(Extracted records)
== Segment start ==

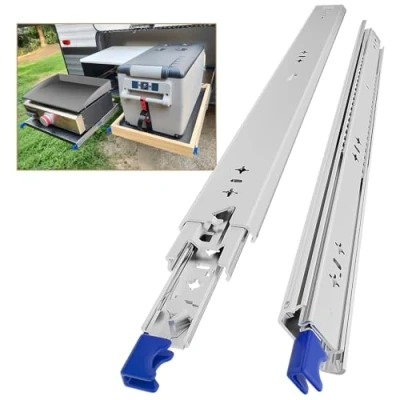 Image of AOLISHENG Heavy Duty Drawer Runners 600mm with Lock Strong Locking Slides Load Capacity 110Kg Draw Runners, Side Mount 1 Pair, 24inch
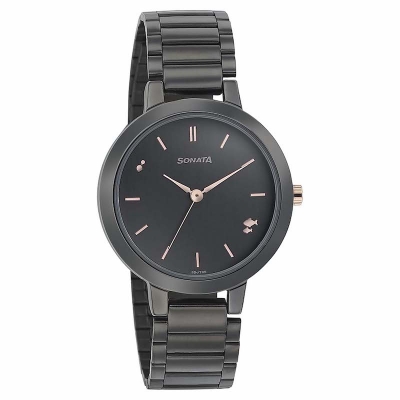 Picture of Sonata Quartz Analog Multicoloured Dial Two Toned Stainless Steel Strap Watch For Women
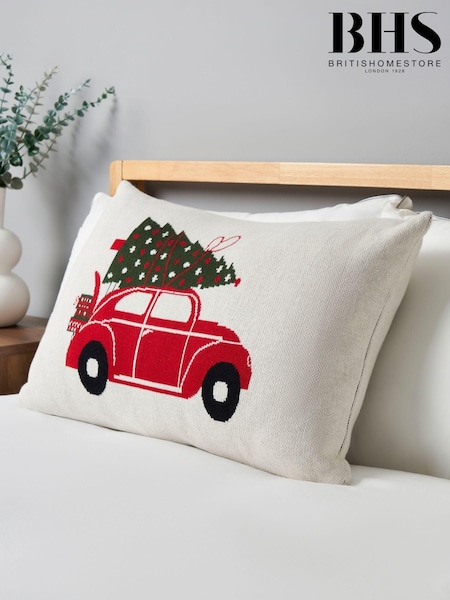 BHS Christmas Tree on Car 100% Cotton Cushion (AN5830) | £20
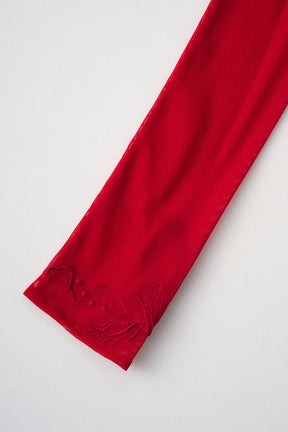 Embroidered mesh gloves (Red)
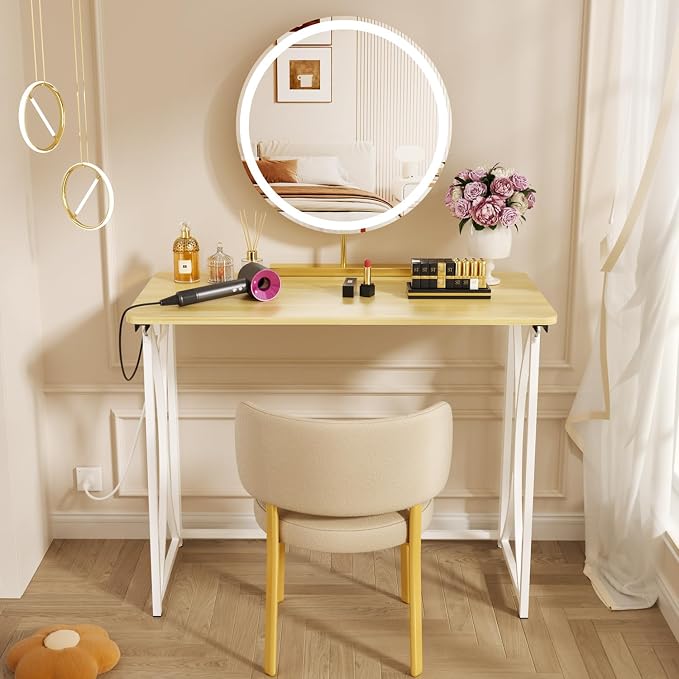 Mini Desk, 31.5" Small Desk for Bedroom with Power Outlet, Foldable Desks for Small Spaces & Home Office, Easy Assembly, Beige Floor Patten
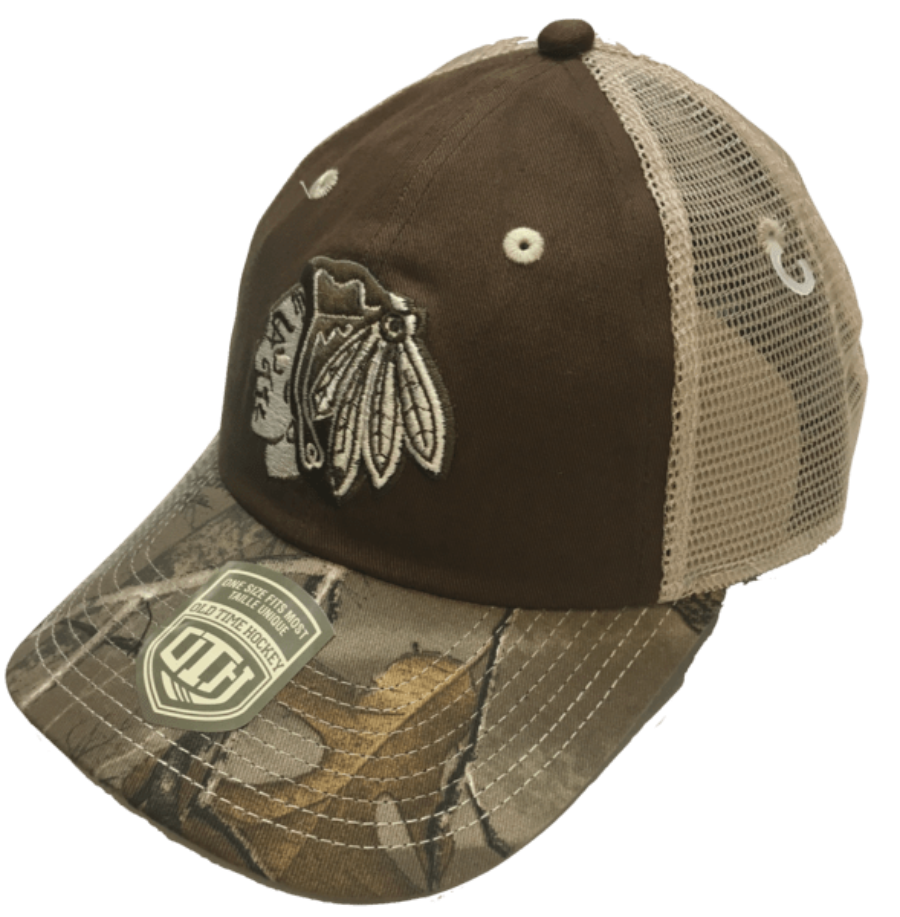 Chicago Blackhawks Ash Camouflage Adjustable Hat By Old Time Hockey product image 1, provided for visual reference and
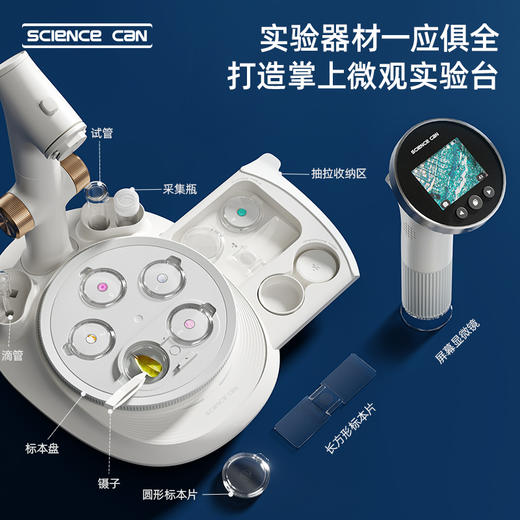 【细小细胞尽收眼底 直面微观万象】科学罐头屏幕显微镜 生物实验台 可看细菌 中小学实验专用套装微观实验台 商品图2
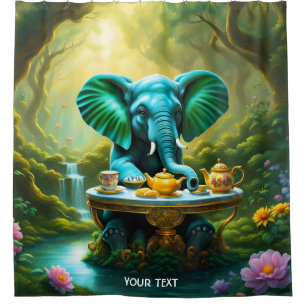 Fantasy Niedlich Vivid Baby Elephant Breakfast Duschvorhang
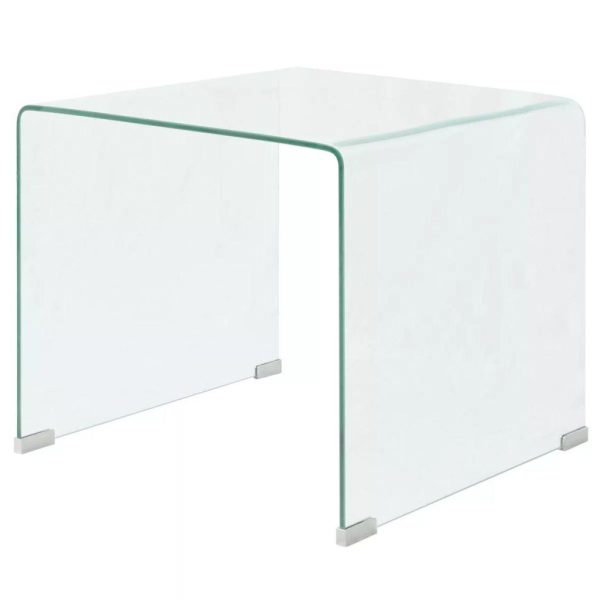 Sofabord i klart hærdet glas 49,5x50x45 cm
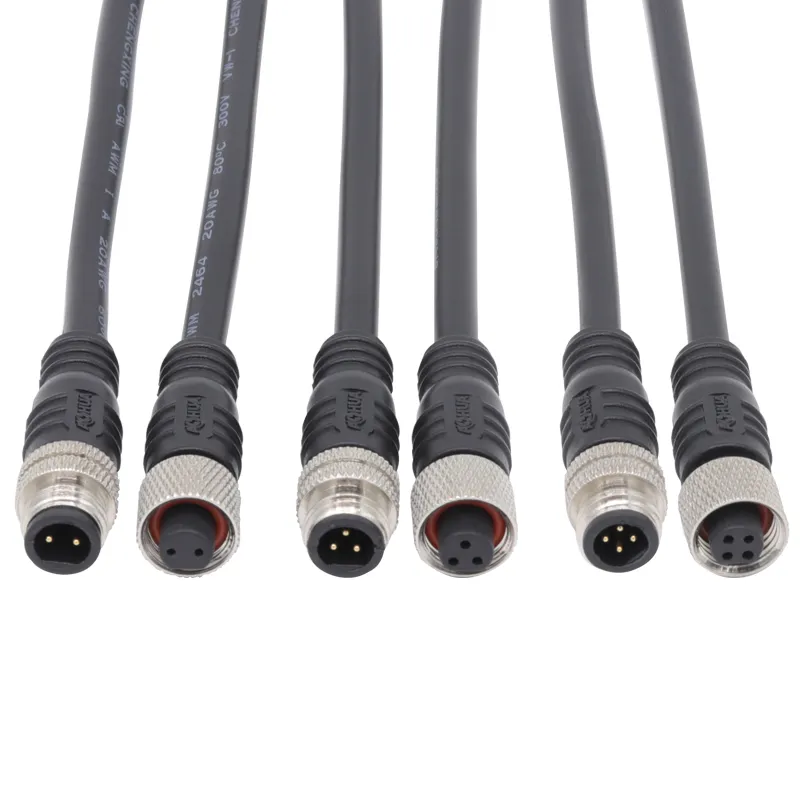 Cable de goma Pin IP65 Conector metálico macho hembra a prueba de agua M8 Sensor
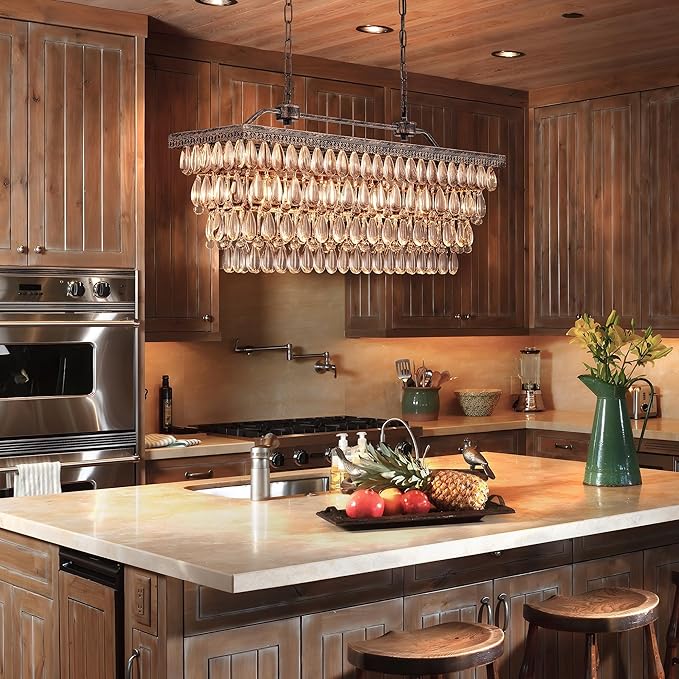 Wellmet Dining Room Crystal Chandelier,30 inch Antique Bronze Rectangle Crystal Ceiling Light,4 Lights Farmhouse Kitchen Island Lighting,Adjustable Hanging Light Fixtures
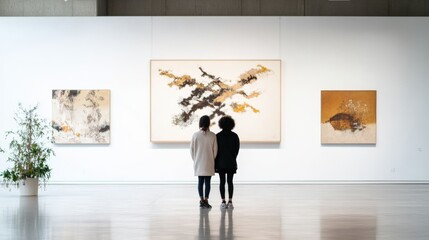 Poster - Woman and couple observing modern art in a contemporary art gallery setting with various paintings displayed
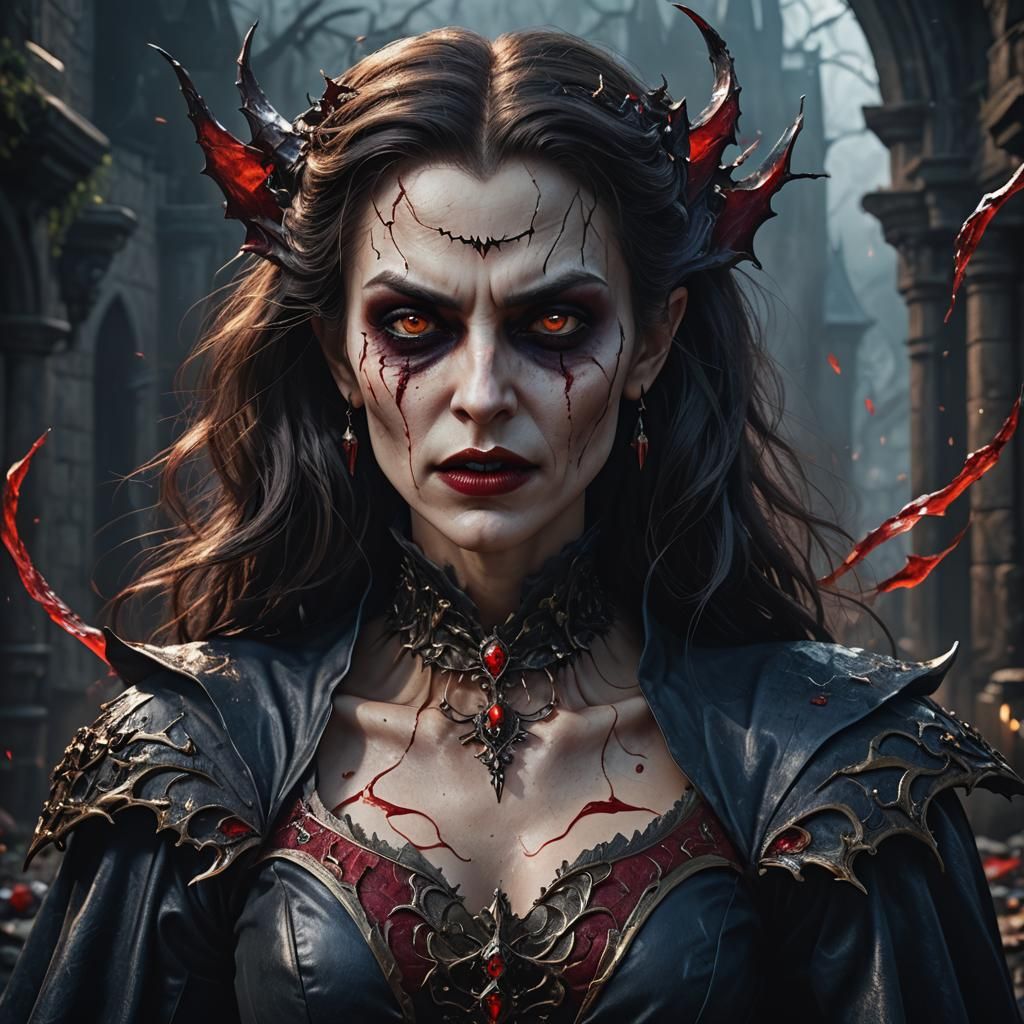 Hyperrealistic Vampire Woman in Detailed Digital Art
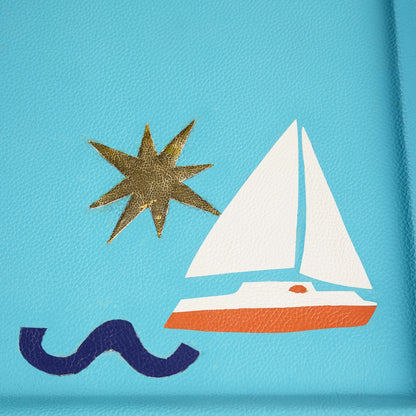 Rechteckiges türkises Leder-Tablett mit Sommerdesign von Jonathan Adler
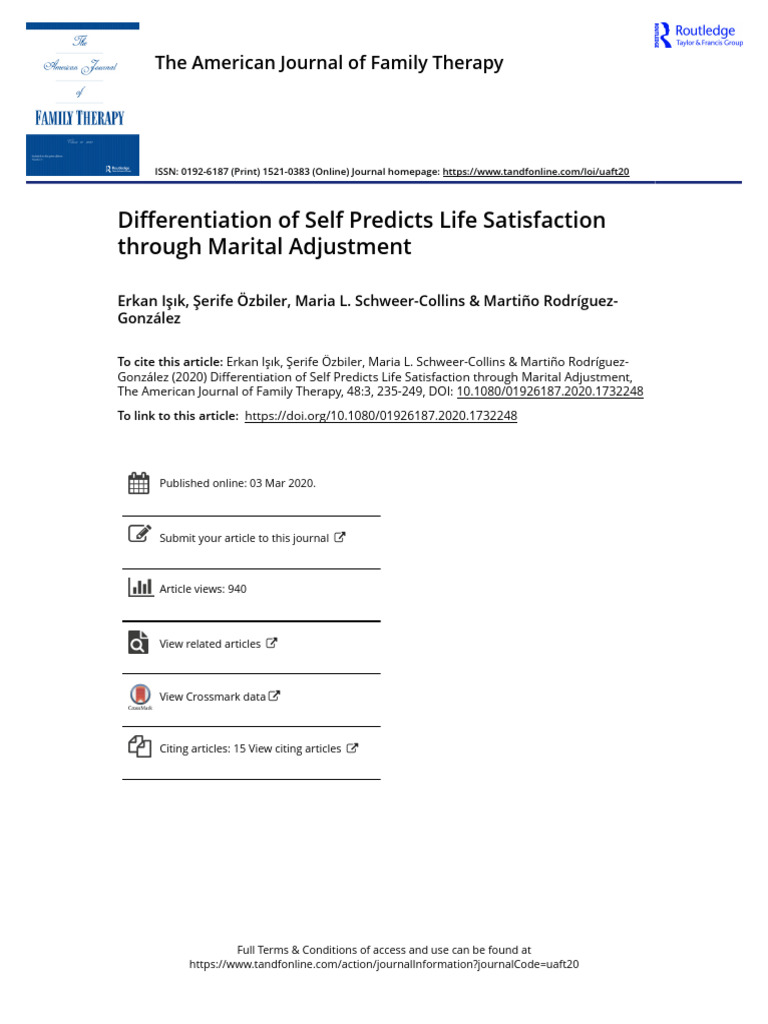 Differentiation of Self Predicts Life Satisfaction through Marital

== Segment end ==

**Work request:** Exclude the pictures, then write out every record exactly as it stands.

**Result of this task:**
 Image of AOLISHENG Heavy Duty Drawer Runners 600mm with Lock Strong Locking Slides Load Capacity 110Kg Draw Runners, Side Mount 1 Pair, 24inch
 Picture of Sonata Quartz Analog Multicoloured Dial Two Toned Stainless Steel Strap Watch For Women
 BHS Christmas Tree on Car 100% Cotton Cushion (AN5830) | £20
 Embroidered mesh gloves (Red)
 Mini Desk, 31.5" Small Desk for Bedroom with Power Outlet, Foldable Desks for Small Spaces & Home Office, Easy Assembly, Beige Floor Patten
 Chicago Blackhawks Ash Camouflage Adjustable Hat By Old Time Hockey product image 1, provided for visual reference and
 【细小细胞尽收眼底 直面微观万象】科学罐头屏幕显微镜 生物实验台 可看细菌 中小学实验专用套装微观实验台 商品图2
 Fantasy Niedlich Vivid Baby Elephant Breakfast Duschvorhang
 Sofabord i klart hærdet glas 49,5x50x45 cm
 Cable de goma Pin IP65 Conector metálico macho hembra a prueba de agua M8 Sensor
 Wellmet Dining Room Crystal Chandelier,30 inch Antique Bronze Rectangle Crystal Ceiling Light,4 Lights Farmhouse Kitchen Island Lighting,Adjustable Hanging Light Fixtures
 Poster - Woman and couple observing modern art in a contemporary art gallery setting with various paintings displayed
 Hyperrealistic Vampire Woman in Detailed Digital Art
 Rechteckiges türkises Leder-Tablett mit Sommerdesign von Jonathan Adler
 Differentiation of Self Predicts Life Satisfaction through Marital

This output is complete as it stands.